#### Work to complete:
Begin at the line containing "Snapshot of YouLikeBigDick9" in the data below and go on through the line containing "Mentha longifolia", repeating each line exactly; include both ends and no other line.

### Recorded information

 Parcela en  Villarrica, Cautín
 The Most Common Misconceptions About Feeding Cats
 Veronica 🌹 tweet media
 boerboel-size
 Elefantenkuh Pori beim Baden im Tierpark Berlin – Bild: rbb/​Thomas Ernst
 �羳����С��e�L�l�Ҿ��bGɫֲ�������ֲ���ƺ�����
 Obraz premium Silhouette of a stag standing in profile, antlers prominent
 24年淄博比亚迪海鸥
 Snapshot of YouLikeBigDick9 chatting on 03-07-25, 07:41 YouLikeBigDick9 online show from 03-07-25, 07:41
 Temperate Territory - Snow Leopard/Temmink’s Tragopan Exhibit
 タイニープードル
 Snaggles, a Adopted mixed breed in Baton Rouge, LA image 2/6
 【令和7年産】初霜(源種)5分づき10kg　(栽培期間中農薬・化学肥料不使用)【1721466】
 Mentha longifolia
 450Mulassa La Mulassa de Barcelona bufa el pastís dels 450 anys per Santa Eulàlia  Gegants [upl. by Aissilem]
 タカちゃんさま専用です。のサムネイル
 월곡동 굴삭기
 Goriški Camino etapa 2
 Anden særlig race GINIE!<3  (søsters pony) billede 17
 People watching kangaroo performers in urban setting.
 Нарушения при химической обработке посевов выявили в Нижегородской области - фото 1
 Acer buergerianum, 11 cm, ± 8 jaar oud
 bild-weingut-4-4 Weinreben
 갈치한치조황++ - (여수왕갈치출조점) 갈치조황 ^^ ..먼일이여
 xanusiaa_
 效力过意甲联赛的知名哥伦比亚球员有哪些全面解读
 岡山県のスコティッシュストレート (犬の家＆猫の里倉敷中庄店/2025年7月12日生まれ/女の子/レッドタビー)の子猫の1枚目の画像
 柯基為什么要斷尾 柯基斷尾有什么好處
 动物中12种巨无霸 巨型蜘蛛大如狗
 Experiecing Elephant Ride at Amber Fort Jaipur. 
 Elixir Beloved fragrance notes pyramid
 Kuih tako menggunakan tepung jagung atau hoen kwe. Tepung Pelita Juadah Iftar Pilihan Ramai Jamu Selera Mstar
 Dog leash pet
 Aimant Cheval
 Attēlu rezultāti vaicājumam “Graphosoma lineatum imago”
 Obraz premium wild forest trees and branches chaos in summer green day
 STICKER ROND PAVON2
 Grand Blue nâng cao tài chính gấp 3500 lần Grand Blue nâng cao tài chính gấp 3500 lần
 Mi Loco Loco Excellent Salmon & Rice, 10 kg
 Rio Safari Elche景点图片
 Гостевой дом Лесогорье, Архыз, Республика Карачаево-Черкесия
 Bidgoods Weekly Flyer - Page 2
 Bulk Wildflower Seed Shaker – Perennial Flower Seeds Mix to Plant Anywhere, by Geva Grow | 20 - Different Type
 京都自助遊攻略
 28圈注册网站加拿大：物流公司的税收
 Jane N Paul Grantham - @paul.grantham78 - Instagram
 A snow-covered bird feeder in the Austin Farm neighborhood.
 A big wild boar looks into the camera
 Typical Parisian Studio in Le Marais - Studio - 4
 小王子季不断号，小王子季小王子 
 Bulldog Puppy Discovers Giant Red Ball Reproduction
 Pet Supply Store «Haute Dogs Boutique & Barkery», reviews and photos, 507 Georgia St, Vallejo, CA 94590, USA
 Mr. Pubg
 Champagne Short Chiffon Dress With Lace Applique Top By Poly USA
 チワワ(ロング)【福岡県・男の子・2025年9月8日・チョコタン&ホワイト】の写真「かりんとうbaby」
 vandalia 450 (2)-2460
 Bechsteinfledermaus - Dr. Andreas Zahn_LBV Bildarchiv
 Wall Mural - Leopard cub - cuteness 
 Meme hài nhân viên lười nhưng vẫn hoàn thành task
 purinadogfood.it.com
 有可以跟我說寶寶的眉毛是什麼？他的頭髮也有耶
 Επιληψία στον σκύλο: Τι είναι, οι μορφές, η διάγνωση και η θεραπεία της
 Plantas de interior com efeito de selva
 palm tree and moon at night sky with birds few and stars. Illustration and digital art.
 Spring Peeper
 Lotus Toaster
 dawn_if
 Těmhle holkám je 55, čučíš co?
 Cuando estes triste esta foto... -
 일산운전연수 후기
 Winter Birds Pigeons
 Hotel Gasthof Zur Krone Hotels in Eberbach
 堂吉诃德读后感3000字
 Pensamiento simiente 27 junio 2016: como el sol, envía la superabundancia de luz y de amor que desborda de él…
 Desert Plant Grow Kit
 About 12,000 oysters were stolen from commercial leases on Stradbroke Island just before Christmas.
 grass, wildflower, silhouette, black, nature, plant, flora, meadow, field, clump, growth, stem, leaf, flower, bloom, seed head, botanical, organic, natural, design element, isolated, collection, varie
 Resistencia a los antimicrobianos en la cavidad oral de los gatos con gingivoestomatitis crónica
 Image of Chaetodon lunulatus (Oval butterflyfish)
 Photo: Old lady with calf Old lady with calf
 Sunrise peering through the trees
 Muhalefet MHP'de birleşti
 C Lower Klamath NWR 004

######

#### Problem solution:
 Snapshot of YouLikeBigDick9 chatting on 03-07-25, 07:41 YouLikeBigDick9 online show from 03-07-25, 07:41
 Temperate Territory - Snow Leopard/Temmink’s Tragopan Exhibit
 タイニープードル
 Snaggles, a Adopted mixed breed in Baton Rouge, LA image 2/6
 【令和7年産】初霜(源種)5分づき10kg　(栽培期間中農薬・化学肥料不使用)【1721466】
 Mentha longifolia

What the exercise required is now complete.